ANNOUNCE: Rel version 3.013 now available!

#11 · December 10, 2018, 11:08 am

Quote from Erwin on December 10, 2018, 11:04 am

Quote from Dave Voorhis on December 10, 2018, 10:56 am

[1] Not only NULL-laden, but ambiguous -- was the NULL in the original data, or a result of the outer join?

Surely, "NULL in the original data" cannot occur if we're doing this in Rel ?

Indeed, SQL NULL cannot occur in Rel, but the use of ZOO attributes as a pseudo-NULL brings back the same problems.

I'm the forum administrator and lead developer of Rel. Email me at dave@armchair.mb.ca with the Subject 'TTM Forum'. Download Rel from https://reldb.org

#12 · December 12, 2018, 3:54 am

Quote from Brian S on December 12, 2018, 3:54 am

Quote from Dave Voorhis on December 10, 2018, 10:56 am

Quote from Brian S on December 10, 2018, 2:03 am

Quote from Dave Voorhis on December 9, 2018, 11:48 am

Quote from Brian S on December 9, 2018, 8:58 am

I would have preferred to see a single relation having ZOO attributes instead of a tuple containing multiple relations.

What would be the benefit(s) of your ZOO attribute approach, compared to the tuple-of-RVAs approach I've used?

Multiple joins

A LEFT OUTER JOIN B LEFT OUTER JOIN C LEFT OUTER JOIN D, etc.

I'm sure you've seen SQL queries with several outer joins targeting multiple tables which yield a single result set. How would you make that happen with your solution that yields a tuple containing multiple relations for each outer join? While I'm sure it can be done, it certainly wouldn't be intuitive for practitioners with even a cursory understanding of SQL.

A chain of multiple LEFT OUTER joins all resulting in a single NULL-laden¹ result is very much a SQLism. How likely is a practitioner with even a cursory understanding of a D likely to want to implement it?

--
[1] Not only NULL-laden, but ambiguous -- was the NULL in the original data, or a result of the outer join?

I prefer the flexibility of returning a single result set from a series of inner and outer joins--especially when the database is highly normalized.

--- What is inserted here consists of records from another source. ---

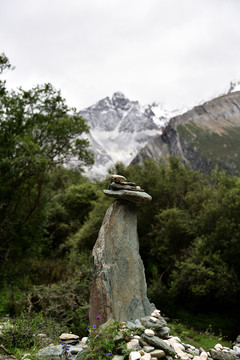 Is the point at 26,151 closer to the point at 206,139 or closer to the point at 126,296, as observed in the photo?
the point at 126,296

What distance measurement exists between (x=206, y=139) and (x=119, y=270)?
3846cm

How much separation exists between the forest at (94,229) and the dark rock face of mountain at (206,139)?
2063 cm

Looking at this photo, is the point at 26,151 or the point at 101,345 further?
the point at 26,151

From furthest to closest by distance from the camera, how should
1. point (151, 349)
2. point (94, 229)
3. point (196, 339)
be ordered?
1. point (94, 229)
2. point (196, 339)
3. point (151, 349)

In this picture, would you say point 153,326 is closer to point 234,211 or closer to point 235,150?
point 234,211

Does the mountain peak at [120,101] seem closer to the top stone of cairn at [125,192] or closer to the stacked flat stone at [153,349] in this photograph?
the top stone of cairn at [125,192]

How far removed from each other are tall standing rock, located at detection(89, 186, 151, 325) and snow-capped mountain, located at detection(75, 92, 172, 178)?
98.6 m

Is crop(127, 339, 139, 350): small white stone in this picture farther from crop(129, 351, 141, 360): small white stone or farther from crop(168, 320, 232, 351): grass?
crop(168, 320, 232, 351): grass

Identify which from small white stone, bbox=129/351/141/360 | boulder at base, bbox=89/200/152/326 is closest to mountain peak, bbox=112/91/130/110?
boulder at base, bbox=89/200/152/326

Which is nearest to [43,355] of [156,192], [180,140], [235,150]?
[156,192]

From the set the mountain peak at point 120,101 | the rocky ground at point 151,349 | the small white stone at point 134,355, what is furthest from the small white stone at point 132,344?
the mountain peak at point 120,101

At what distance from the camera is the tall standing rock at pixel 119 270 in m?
6.81

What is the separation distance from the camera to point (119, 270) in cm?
733

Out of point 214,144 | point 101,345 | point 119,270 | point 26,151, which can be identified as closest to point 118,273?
point 119,270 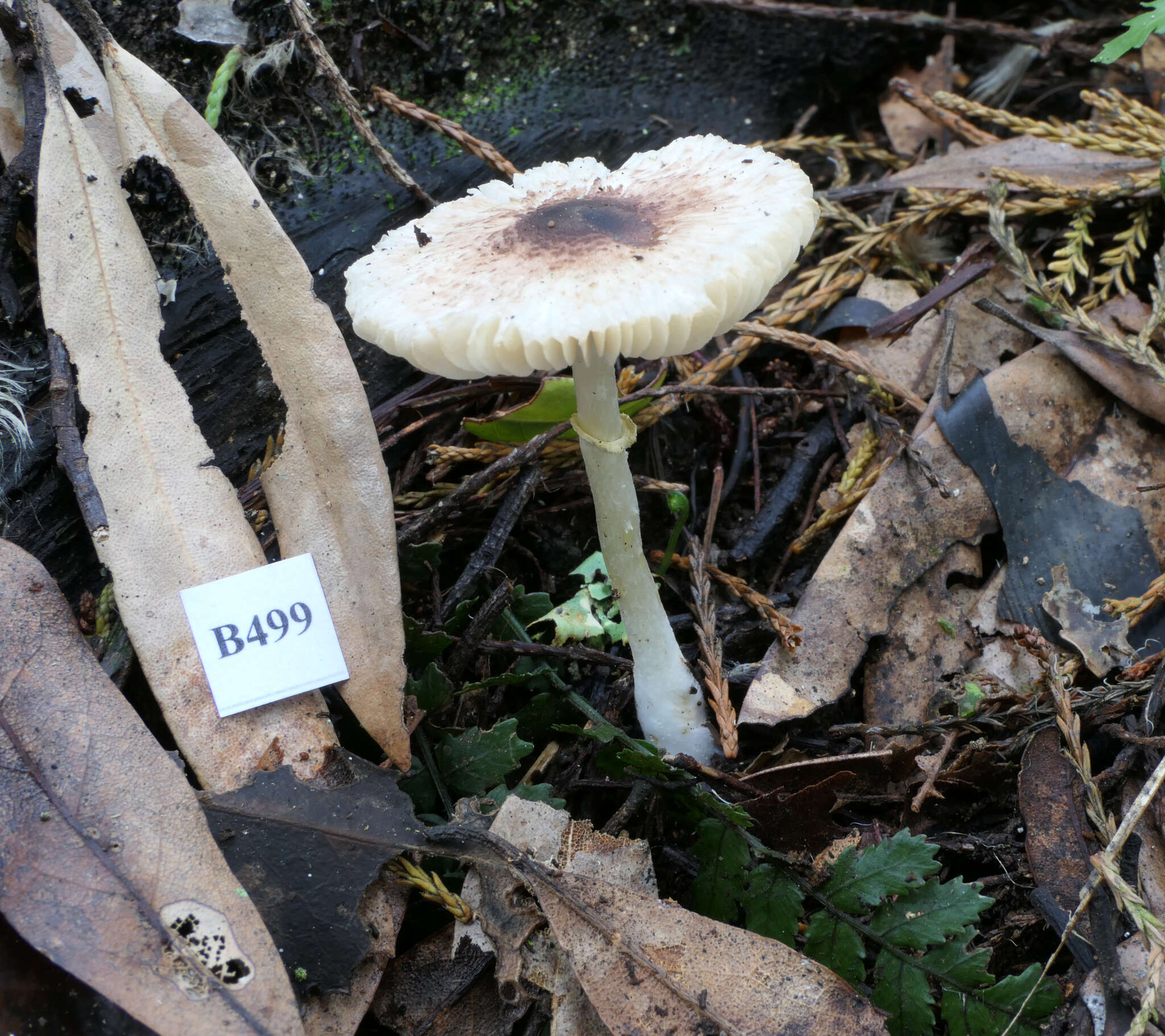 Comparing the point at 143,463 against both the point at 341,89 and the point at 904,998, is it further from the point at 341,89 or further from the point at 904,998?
the point at 904,998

Sometimes it makes sense to restrict before a join, but other times it makes better sense to restrict after or to inject default values via COALESCE.

For example,

Warehouse {WhseKey, WhseID, ...}

Item {ItemKey, ItemID, ...}

Inventory {WhseKey, ItemKey, QtyOnSO, QtyOnPO, QtyReqForXO, QtyOnXO, ...}

InvtQOH {WhseKey, ItemKey, QtyPendDecrease, QtyPendIncrease, QtyOnHand} KEY {WhseKey, ItemKey}

Inventory only contains a tuple for a particular WhseKey, ItemKey combination when a particular item can be located in a particular warehouse.

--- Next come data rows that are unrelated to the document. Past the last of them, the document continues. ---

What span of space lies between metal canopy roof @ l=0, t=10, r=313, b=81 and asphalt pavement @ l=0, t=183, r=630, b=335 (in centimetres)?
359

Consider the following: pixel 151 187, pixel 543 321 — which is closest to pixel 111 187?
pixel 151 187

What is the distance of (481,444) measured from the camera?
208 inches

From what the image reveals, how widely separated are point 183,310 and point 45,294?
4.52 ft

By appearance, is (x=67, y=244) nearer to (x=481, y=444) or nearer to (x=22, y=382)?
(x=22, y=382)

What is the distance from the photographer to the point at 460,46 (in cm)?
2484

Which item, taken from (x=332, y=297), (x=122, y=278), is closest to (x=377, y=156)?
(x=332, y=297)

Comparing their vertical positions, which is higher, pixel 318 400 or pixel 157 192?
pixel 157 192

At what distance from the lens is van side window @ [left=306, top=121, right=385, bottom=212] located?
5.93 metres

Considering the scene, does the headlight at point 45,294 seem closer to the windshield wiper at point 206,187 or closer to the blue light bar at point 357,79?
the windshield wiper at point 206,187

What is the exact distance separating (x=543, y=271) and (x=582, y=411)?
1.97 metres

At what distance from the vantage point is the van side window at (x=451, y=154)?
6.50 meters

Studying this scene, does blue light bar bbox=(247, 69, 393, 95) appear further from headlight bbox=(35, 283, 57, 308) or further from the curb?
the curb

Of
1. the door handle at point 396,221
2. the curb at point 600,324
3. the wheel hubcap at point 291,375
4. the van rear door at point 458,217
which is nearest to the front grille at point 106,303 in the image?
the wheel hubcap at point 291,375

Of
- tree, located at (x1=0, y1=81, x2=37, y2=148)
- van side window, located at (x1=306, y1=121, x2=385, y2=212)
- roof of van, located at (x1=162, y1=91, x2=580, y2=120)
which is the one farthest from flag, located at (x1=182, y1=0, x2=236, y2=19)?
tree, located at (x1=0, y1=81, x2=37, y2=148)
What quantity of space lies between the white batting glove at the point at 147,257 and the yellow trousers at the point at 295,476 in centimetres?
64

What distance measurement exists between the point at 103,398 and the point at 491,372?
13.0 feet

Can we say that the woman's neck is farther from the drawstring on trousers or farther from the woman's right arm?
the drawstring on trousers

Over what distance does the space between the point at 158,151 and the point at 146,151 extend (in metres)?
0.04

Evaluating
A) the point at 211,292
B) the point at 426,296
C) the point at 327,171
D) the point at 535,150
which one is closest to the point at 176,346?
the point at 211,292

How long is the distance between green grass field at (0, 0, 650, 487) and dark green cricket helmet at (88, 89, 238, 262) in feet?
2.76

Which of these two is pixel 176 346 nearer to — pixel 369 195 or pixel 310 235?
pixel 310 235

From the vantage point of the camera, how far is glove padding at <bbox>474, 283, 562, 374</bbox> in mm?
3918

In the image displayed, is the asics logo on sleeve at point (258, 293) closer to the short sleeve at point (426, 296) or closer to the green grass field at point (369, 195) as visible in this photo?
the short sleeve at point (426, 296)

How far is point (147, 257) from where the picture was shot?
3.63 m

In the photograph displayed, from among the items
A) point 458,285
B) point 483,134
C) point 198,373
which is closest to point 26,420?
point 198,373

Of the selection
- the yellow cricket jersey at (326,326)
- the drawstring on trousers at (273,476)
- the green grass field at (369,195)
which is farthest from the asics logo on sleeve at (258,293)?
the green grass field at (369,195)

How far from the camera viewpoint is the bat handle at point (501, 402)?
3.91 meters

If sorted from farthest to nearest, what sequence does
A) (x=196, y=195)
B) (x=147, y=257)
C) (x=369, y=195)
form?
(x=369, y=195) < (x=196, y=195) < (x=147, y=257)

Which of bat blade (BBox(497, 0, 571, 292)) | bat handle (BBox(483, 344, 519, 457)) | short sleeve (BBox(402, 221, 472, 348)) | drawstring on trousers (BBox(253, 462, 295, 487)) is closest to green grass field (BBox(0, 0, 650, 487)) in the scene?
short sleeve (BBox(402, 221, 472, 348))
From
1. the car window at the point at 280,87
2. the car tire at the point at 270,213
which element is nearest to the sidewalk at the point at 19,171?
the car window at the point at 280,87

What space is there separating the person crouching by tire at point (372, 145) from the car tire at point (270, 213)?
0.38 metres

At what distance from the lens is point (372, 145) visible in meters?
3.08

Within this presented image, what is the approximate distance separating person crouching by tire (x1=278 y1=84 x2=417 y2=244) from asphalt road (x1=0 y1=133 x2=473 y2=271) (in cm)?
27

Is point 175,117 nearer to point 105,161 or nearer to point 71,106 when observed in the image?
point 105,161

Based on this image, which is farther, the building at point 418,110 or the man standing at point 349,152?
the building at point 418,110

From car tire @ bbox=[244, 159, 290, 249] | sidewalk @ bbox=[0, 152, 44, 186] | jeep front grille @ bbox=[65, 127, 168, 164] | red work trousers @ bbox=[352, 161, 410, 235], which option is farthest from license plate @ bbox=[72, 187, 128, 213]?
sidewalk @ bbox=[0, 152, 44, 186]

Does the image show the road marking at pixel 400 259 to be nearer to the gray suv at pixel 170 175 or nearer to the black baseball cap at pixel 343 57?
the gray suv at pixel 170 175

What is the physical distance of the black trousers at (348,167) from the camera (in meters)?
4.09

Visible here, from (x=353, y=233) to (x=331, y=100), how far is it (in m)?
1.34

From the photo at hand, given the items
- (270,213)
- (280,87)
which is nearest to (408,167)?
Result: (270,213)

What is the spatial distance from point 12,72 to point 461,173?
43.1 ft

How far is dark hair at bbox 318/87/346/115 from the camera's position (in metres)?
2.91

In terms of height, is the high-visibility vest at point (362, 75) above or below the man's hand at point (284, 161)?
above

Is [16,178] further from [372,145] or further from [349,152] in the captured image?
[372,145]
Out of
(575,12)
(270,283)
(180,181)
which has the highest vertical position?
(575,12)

InvtQOH only contains a tuple for a particular WhseKey, ItemKey combination when any of QtyPendDecrease, QtyPendIncrease or QtyOnHand is greater than zero.

Now find out how many of a particular Item are on-hand in each warehouse:

SELECT WhseId, ItemId, COALESCE(QtyOnHand, 0) AS QtyOnHand FROM Warehouse JOIN Item JOIN Inventory LEFT OUTER JOIN InvtQOH

[1] Does it matter? If it does, change the query to reflect that it does.

Quote from Dave Voorhis on December 10, 2018, 10:56 am

Quote from Brian S on December 10, 2018, 2:03 am

Quote from Dave Voorhis on December 9, 2018, 11:48 am

Quote from Brian S on December 9, 2018, 8:58 am

I would have preferred to see a single relation having ZOO attributes instead of a tuple containing multiple relations.

What would be the benefit(s) of your ZOO attribute approach, compared to the tuple-of-RVAs approach I've used?

Multiple joins

A LEFT OUTER JOIN B LEFT OUTER JOIN C LEFT OUTER JOIN D, etc.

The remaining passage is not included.